| Exercise input |

□ □ □ □ □

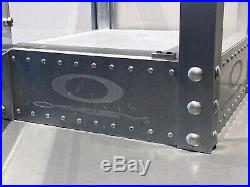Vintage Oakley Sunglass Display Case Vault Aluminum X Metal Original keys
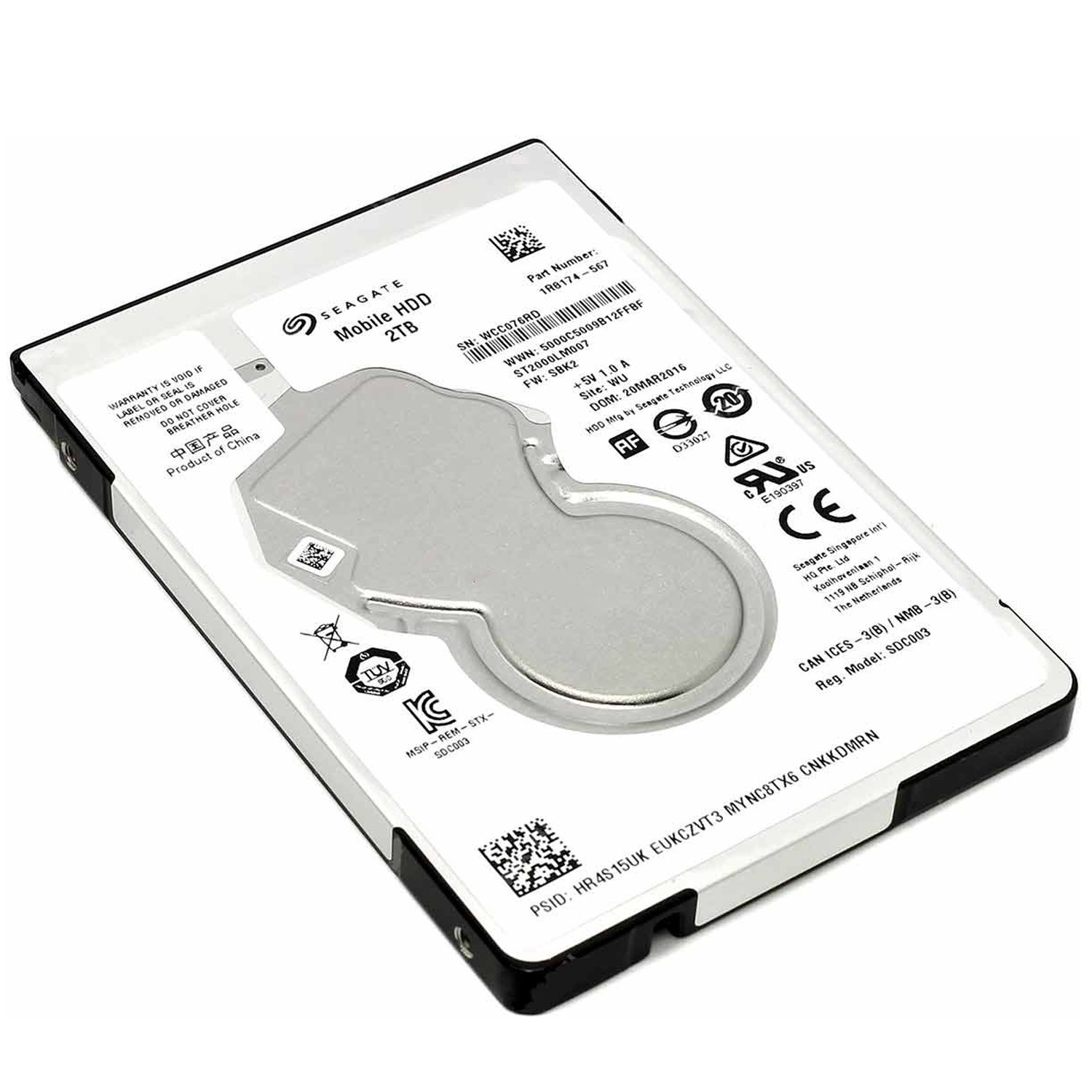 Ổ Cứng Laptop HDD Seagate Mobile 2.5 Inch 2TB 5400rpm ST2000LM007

□ □ □ □ □

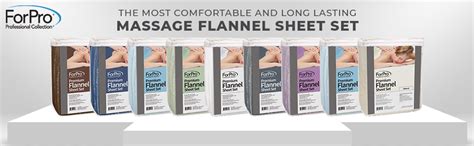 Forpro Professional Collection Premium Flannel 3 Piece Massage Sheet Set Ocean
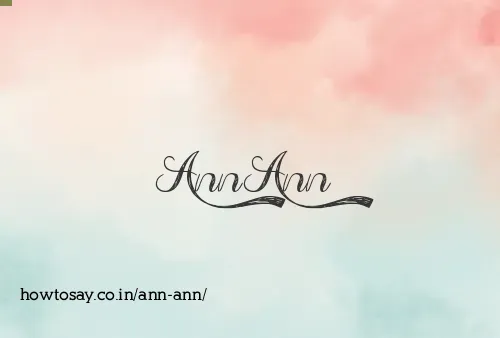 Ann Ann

□ □ □ □ □

| Problem to solve |
Make an exact copy of the lines above, beginning with the line with "Vintage Oakley Sunglass" and ending with the line with "Ổ Cứng Laptop", and keep the pictures out of it.

| Finished exercise |
Vintage Oakley Sunglass Display Case Vault Aluminum X Metal Original keys
 Ổ Cứng Laptop HDD Seagate Mobile 2.5 Inch 2TB 5400rpm ST2000LM007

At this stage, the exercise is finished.